# Colorado Muzzle Loader Hunter Pleads Not Guilty



## Critter (Mar 20, 2010)

I don't know if anyone here is following this story but here is a link to what has happened so far. 









Muzzleloader pleads not guilty in fatal shooting of bow hunter in Dolores County


Ronald Morosko, a muzzleloader hunter accused of fatally shooting bow hunter Gregory Gabrisch in the San Juan National Forest Sept. 17, has pleaded not guilty. The case is set for trial in May. Morosk...




www.durangoherald.com


----------



## backcountry (May 19, 2016)

That's huge. 

Manslaughter seems like a proper charge. I don't see how he isn't successfully prosecuted, assuming the stated affidavit is his statements. That description doesn't exactly paint a picture of thoroughly verifying his shot.


----------



## Critter (Mar 20, 2010)

One other thing about identifying the target as far as a elk was concerned, in unit 71 where they were hunting the elk had to have at least 4 pts on one side to be legal.


----------



## High Desert Elk (Aug 21, 2012)

Kind of following. It's local news for me. No doubt the guy made a big mistake.


----------



## Lone_Hunter (Oct 25, 2017)

> Morosko told deputies from Montezuma and Dolores counties that he heard an elk bugle and scream and believed a bull elk was coming his way.
> 
> “When he saw white in the pines, he took a shot at what he thought was an elk,” according to the affidavit, written by Dolores County Sheriff Don Wilson.

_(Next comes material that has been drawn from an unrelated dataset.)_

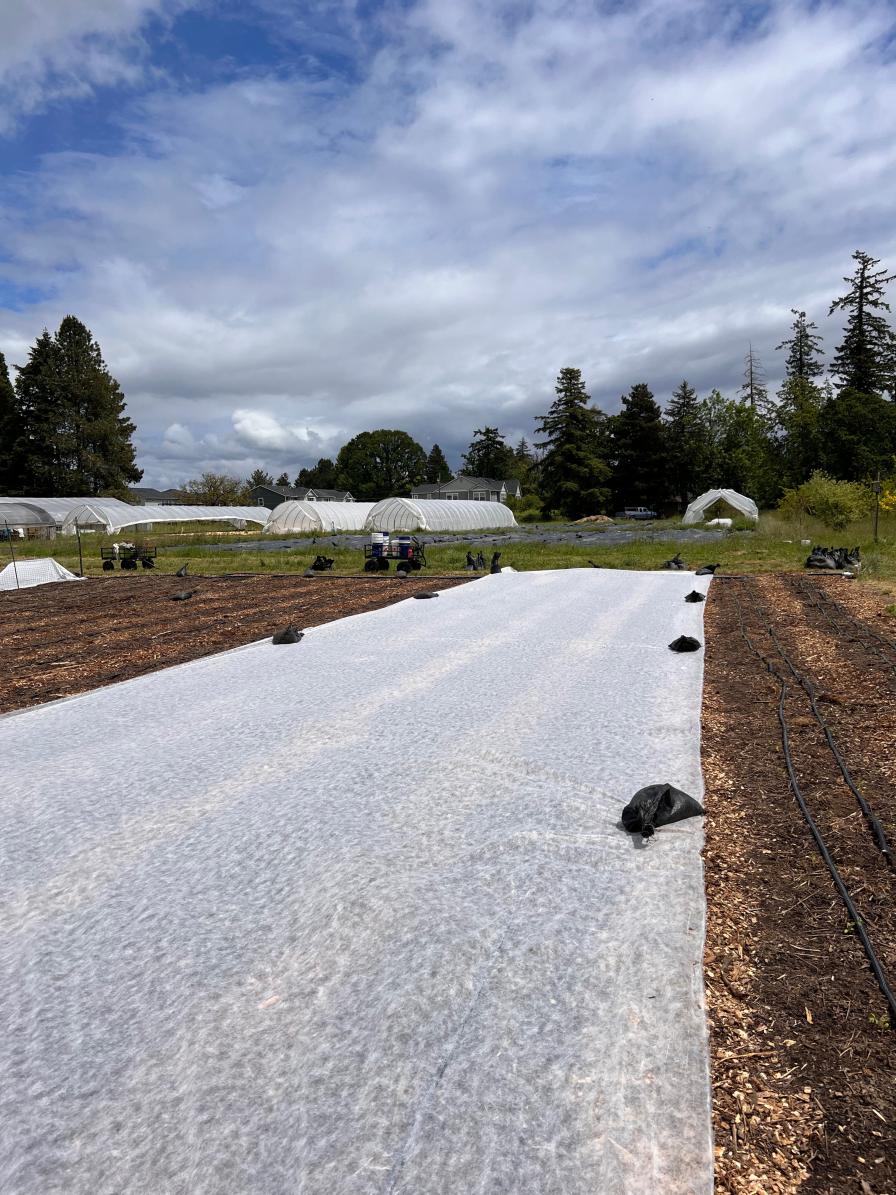 Row cover over winter squash at Working Theory Farm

Sounds like one, or both were blowing on a bugle, and chuckles, all keyed up on adrenaline, shot at that flash of movement he saw in the trees. Sounds like to me, he didn't confirm his target ID, legality of target, or even attempted to aim at vitals, he just shot at movement, and assumed it was an elk because the other guy was blowing on a bugle.

I've often wondered how many times i hear a couple bulls ,but it is in fact, two different hunters talking to each other and not realizing it. Some are really good at it. Not me. I suck. I'd just embarrass myself. So I just stick with my cow call, much easier. Safer too apparently.


----------